Milan enfrenta desafíos antes de la Serie A 2026-27
En Milan crece el ruido. Y no por los fichajes.
A menos de dos semanas del inicio de la Serie A 2026-27, el nuevo proyecto de Ruben Amorim arranca con un problema inesperado: su capitán Mike Maignan y uno de sus pesos pesados en el centro del campo, Adrien Rabiot, han decidido alargar sus vacaciones y no se incorporarán al trabajo hasta apenas siete días antes del debut liguero ante Torino.
Amorim espera… y el reloj corre
El contexto no ayuda. Milan estrena entrenador, el calendario aprieta y la plantilla está lejos de estar definida. El club necesita dar salida a varios jugadores del primer equipo para poder ofrecerle refuerzos a Amorim, mientras el futuro de Rafael Leao sigue en el aire a las puertas del cierre del mercado.
En medio de ese escenario, el técnico portugués contaba con el regreso de sus líderes para empezar a construir la estructura del equipo. Maignan y Rabiot, finalistas en las últimas fases del Mundial 2026 con Francia, tenían fijada su vuelta para el 14 de agosto. Sin embargo, ambos han optado por prolongar su descanso hasta el 16 de agosto, justo una semana antes del estreno en la Serie A.
Dos días más, sobre el papel, no parecen dramáticos. Pero en Milan se leen como un síntoma. El margen de maniobra de Amorim se reduce y el trabajo táctico con la plantilla al completo se retrasa en un momento clave de la pretemporada.
Comparaciones incómodas con el vecino
La decisión ha irritado a una parte de la afición rossonera, que mira de reojo lo que sucede al otro lado de la ciudad.
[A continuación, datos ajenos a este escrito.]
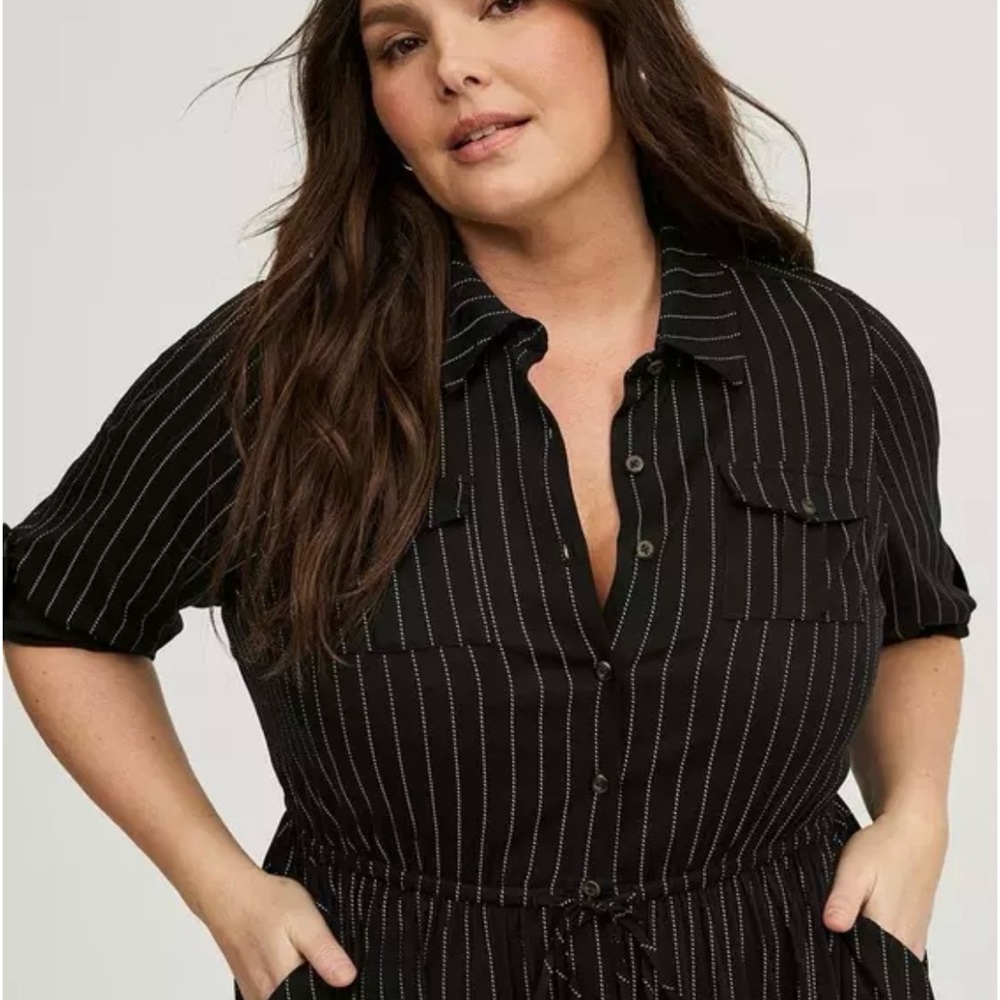 New Torrid Challis Pinstripe Midi Shirt Dress - Picture 7 of 8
En Inter, Lautaro Martínez y John Stones, también protagonistas en las rondas finales del Mundial, ya se han reincorporado a los entrenamientos a las órdenes de Cristian Chivu.
El contraste es evidente y alimenta el malestar. Mientras en Appiano Gentile las figuras regresan pronto para apuntalar un bloque continuista, en Milanello el nuevo entrenador sigue sin contar con dos de sus referentes a días de iniciar el campeonato.
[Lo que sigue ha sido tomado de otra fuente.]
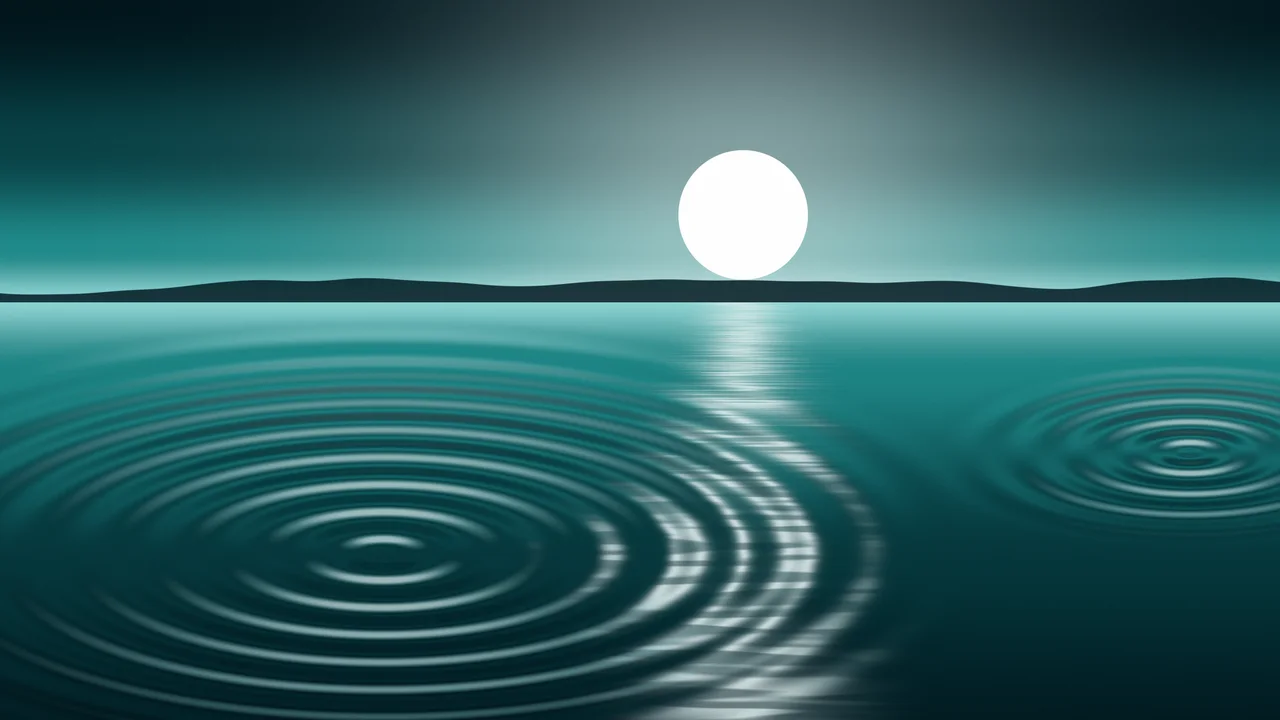 Teal Calm Water Ripples desktop wallpaper in 4K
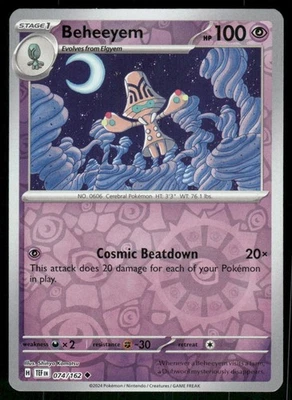 Beheeyem 074/162 Uncommon Reverse Holo NM Pokemon SV05: Temporal Forces - Image 1 of 2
Rabiot promete volver a arrancar
El caso de Rabiot, en lo deportivo, parece más encarrilado. Durante el Mundial, el centrocampista dejó claro que regresará a Milan, que se sentará con Amorim y que su intención es “volver a empezar” en la 2026-27. Su mensaje fue el de un jugador comprometido con el proyecto, aunque con la necesidad de un nuevo impulso tras una temporada irregular.
Su retraso, por tanto, se percibe más como una decisión personal dentro del margen habitual que se concede a los internacionales que han llegado lejos en un gran torneo. Molesta, pero no enciende todas las alarmas.
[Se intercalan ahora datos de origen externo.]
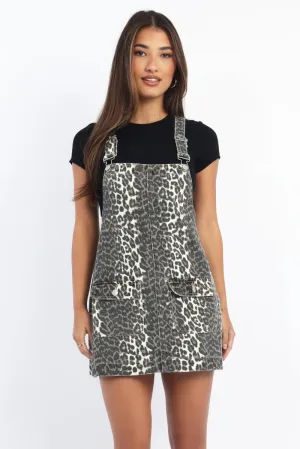 Brown Animal Print Overall Mini Dress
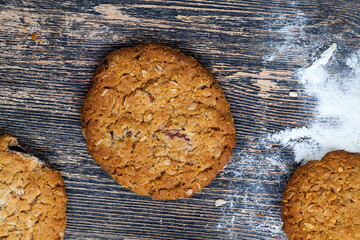 wheat-oatmeal cookies with peanuts, closeup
Con Maignan, en cambio, la sensación es distinta.
Maignan, gestos que pesan
El guardameta, actualmente capitán del equipo, ha dejado varias señales inquietantes en las últimas semanas. Más allá de la ampliación de sus vacaciones, ha eliminado de sus perfiles en redes sociales todas las fotografías y referencias vinculadas a Milan. Un gesto que, en la era digital, rara vez es inocente.
A eso se suma otro detalle que ha generado sorpresa y críticas: Maignan no acudió al funeral de Franco Baresi, mito absoluto del club, celebrado la semana pasada. La ausencia del capitán en un acto de ese calibre ha levantado cejas en el entorno rossonero y ha alimentado la idea de que el guardameta no atraviesa su momento más feliz en San Siro.
Oficialmente no hay declaración alguna que confirme un desencuentro abierto, pero los indicios son claros: algo se ha resquebrajado en la relación entre el jugador y el club.
Un vestuario por definir y un liderazgo en cuestión
Para Amorim, recién aterrizado, la situación es delicada. Necesita tiempo de trabajo, necesita claridad en el mercado y necesita, sobre todo, que sus líderes marquen el camino. Hoy, ninguna de esas tres piezas encaja del todo.
El regreso tardío de Maignan y Rabiot condiciona la preparación del equipo en la recta final de la pretemporada, mientras la directiva pelea por aligerar la plantilla y resolver el enigma Leao. Demasiadas incógnitas para un proyecto que pretende ser competitivo desde el primer día.
El balón echará a rodar pronto en la Serie A. Milan llegará con un entrenador nuevo, un mercado aún abierto y un capitán rodeado de interrogantes. La pregunta ya flota en el ambiente de San Siro: ¿será este el año del renacer rossonero o el inicio de otra tormenta?